Inheriting late conservative outlook of his father, Melgar engaged in a number of initiatives confronting secular tide of the 1868 Glorious Revolution. In 1869 he was among founders of La Armonia, a cultural society promoting Catholic orthodoxy as the backbone of public education. The same year he co-founded Juventud Católica and become treasurer of its Junta Superior, apart from engaging in other confessional bodies. He mixed with neocatólicos, tended to side with Nocedal in controversies with the Carlist claimant Carlos VII and by some scholars is considered a neo himself, but in his later years Melgar spoke about the Neo-Catholics with disregard if not sheer contempt.

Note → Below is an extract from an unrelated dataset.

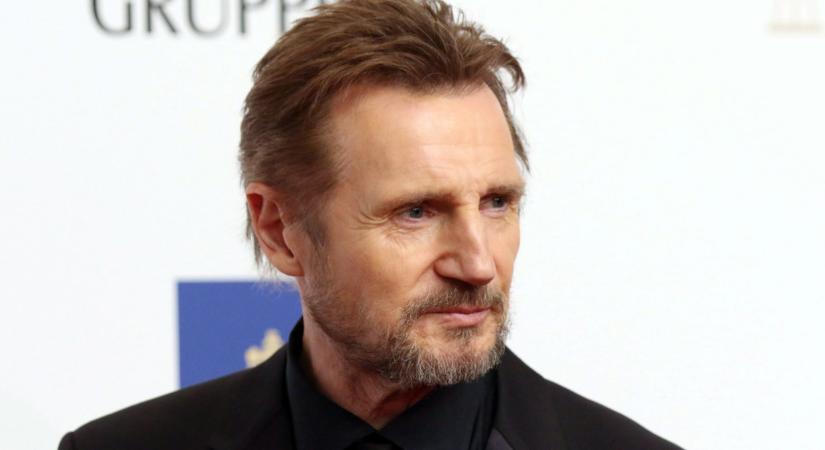 Legendás vígjátékot forgatnak újra: Liam Neeson főszereplésével, nagy sikerre lehet számítani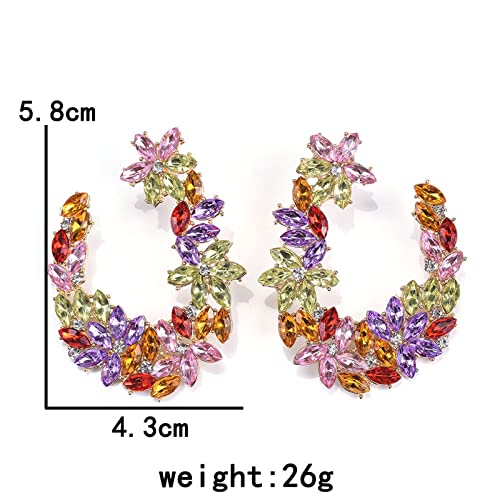 Boucles d'oreilles super flash en diamant pour illuminer un visage fatigué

In the late 1860s Melgar, from his youth demonstrating impressive ease of writing, commenced co-operation with a number of Madrid right-wing periodicals and befriended Traditionalist pundits of the era, like Francisco Navarro Villoslada, Antonio Juan de Vildósola and Candido Nocedal; with Antonio Aparisi Guijarro he was even distantly related. Formally member of the editorial board of El Pensamiento Español, in 1871 he became key staff member of La Reconquista. Upon the 1872 outbreak of the Third Carlist War Melgar became editor-in-chief of the paper; increasingly endangered by Republican hit-squads dubbed "partido de la porra", he went into hiding. In 1873 he took part in gathering of Carlist press leaders in Bordeaux, where Melgar met the claimant for the first time. Having returned to Madrid he went on editing La Reconquista until it became impossible, in 1874 leaving by sea for the Carlist zone.

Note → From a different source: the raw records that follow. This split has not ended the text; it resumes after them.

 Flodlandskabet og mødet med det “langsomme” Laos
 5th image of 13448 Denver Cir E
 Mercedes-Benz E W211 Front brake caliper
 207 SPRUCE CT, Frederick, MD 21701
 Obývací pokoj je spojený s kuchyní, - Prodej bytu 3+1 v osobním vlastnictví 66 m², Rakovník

Carlos VII entrusted Melgar with setting up an official Carlist bulletin, which materialized in Tolosa as El Cuartel Real. Managed, edited if not mostly written by Melgar, it kept appearing until few days before the city fell to the Alfonsist troops in 1875. He later joined 2. Gipuzkoan Battalion. His older brother was mortally wounded in action, but it is not clear whether Francisco took part in combat; according to some sources he fought in last battles of the war. He then survived mutiny of the unit and in February 1876 crossed the Pyrenees into France, breaking his rifle upon leaving the country.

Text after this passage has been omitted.